Chiron is a newsletter that exists to support the work of the C.G. Jung Foundation of Ontario. It was established in 1980, and has existed in electronic form since 2006. Its name and masthead image, adopted at that time, are drawn from ancient Greek culture. In Greek mythology, Chiron was the last centaur, a son of the titan Cronus. He was famed for his wisdom, knowledge and skill at deciphering the will of the gods, to healing effect.

Chiron

Volume 30, No. 3 Spring (May) 2011

Editor: Robert Black

Click for PDF version of this issue for easier printing

 

Contents

 

Jungian Views on Burning Issues, 2011: Soul Matters

May 28th, 2011, 1 – 4 pm at 223 St. Clair Ave West
FREE TO MEMBERS
LIMIT OF 30, REGISTRATION REQUIRED

The world continues to stumble forward, experiencing evermore man-made dilemmas that suggest we have “lost soul.” We now face the aftermath of a global economic meltdown, mounting ecological crises and widespread political turmoil. Have we abandoned soul or has it left us? Maybe these shaky times are just the growing pains of an evolving world, or perhaps the “rough beast” of our soul-sucked psyche has now sprung fully into being.

Just where and what is Soul in 2011 … and how does it figure into what matters?!

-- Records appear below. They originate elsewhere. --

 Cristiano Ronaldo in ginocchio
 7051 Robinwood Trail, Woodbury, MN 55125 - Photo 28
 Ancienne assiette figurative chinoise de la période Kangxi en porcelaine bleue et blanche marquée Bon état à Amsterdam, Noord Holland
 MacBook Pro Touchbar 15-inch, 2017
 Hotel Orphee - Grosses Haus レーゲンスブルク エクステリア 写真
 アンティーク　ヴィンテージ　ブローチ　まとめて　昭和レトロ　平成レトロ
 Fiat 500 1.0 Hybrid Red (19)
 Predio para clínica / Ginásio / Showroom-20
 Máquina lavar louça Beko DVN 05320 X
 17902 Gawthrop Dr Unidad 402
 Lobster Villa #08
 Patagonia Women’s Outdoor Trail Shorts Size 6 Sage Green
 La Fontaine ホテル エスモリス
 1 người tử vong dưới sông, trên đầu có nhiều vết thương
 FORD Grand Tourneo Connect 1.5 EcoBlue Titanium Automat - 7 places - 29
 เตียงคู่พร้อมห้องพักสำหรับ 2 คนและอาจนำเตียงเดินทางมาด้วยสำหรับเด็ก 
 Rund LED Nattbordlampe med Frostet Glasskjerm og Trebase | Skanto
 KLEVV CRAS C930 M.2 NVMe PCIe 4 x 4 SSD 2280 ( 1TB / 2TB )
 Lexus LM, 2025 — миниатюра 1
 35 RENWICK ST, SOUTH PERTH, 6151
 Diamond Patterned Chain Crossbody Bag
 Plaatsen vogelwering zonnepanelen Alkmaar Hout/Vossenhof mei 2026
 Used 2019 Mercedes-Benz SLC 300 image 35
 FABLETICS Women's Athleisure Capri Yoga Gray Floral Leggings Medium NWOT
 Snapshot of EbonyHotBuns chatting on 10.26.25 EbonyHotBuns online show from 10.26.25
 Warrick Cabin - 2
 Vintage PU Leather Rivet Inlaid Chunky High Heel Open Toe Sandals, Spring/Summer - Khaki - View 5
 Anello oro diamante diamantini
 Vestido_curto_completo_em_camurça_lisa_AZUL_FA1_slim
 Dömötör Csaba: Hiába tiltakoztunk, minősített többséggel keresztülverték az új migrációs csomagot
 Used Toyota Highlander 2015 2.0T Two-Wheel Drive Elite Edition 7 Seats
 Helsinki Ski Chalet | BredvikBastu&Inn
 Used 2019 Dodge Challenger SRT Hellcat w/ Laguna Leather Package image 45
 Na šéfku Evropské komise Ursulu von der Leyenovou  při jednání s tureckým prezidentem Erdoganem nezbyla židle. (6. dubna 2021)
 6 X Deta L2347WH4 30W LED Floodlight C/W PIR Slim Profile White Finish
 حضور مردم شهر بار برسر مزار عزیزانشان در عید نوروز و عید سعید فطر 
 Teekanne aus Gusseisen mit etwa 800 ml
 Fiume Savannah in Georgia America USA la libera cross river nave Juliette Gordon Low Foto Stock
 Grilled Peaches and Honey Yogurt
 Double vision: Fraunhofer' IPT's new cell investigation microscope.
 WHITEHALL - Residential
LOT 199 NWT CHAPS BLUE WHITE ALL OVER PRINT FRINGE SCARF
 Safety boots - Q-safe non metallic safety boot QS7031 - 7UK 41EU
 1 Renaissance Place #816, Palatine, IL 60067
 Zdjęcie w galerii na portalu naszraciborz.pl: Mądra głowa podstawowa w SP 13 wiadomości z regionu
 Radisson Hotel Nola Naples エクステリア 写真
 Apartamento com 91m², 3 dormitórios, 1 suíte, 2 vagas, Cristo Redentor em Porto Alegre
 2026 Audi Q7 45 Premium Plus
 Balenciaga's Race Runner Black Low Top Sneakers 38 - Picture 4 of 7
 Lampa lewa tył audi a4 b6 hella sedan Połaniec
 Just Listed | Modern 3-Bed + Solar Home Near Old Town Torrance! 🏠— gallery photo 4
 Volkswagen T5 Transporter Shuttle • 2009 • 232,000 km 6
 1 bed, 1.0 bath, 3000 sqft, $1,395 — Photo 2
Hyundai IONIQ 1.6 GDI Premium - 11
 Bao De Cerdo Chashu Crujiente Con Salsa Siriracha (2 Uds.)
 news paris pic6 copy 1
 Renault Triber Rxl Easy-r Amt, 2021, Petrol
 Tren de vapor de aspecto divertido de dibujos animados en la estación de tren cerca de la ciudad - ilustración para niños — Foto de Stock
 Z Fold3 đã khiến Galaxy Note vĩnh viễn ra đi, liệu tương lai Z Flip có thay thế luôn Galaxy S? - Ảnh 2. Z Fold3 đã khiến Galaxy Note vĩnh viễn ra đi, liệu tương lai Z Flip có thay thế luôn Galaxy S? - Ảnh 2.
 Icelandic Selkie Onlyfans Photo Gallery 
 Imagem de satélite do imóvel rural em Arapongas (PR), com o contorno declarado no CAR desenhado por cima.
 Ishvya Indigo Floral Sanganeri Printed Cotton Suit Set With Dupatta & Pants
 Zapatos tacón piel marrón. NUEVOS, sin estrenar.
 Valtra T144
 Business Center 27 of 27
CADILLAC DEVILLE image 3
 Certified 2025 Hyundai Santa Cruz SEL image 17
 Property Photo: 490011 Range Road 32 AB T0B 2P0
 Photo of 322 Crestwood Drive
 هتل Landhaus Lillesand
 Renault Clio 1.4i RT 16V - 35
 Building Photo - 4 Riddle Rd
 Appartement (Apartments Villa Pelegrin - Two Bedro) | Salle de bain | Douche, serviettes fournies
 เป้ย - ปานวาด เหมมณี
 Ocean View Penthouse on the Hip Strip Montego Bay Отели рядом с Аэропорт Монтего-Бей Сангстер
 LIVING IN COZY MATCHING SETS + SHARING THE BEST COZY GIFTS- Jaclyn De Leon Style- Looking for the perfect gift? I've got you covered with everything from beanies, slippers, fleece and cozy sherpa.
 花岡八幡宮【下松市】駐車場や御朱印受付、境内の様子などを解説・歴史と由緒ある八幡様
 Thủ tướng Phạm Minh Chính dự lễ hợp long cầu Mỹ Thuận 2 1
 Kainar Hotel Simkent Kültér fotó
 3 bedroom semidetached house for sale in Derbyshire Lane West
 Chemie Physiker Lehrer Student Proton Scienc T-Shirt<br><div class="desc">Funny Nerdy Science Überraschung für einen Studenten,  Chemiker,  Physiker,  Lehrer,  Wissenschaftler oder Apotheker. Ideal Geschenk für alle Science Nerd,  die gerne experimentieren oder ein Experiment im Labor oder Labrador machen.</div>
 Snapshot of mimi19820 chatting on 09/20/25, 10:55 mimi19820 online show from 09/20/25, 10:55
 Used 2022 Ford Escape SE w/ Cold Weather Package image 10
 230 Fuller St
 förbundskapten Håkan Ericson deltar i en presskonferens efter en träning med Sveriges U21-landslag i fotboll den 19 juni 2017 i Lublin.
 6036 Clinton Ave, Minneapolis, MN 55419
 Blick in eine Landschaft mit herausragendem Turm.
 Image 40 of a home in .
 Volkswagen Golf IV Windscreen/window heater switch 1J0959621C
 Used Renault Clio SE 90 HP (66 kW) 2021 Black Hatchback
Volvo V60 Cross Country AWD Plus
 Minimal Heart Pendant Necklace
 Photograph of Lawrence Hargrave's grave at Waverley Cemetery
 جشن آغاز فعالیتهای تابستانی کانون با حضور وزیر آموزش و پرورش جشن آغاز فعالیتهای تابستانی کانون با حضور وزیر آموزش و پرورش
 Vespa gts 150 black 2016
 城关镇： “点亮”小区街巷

On Saturday May 28th at 1:00 p.m., three Analysts will each give brief perspectives on Soul to stimulate an open discussion and exploration of Soul Matters. We really want to hear what you have to say about psyche and will provide an engaging facilitated forum that will help you explore what matters to you!
We hope to see anyone who would welcome the chance to spend time with their Jungian friends and enjoy some provocative ideas and discussion. Refreshments will be served.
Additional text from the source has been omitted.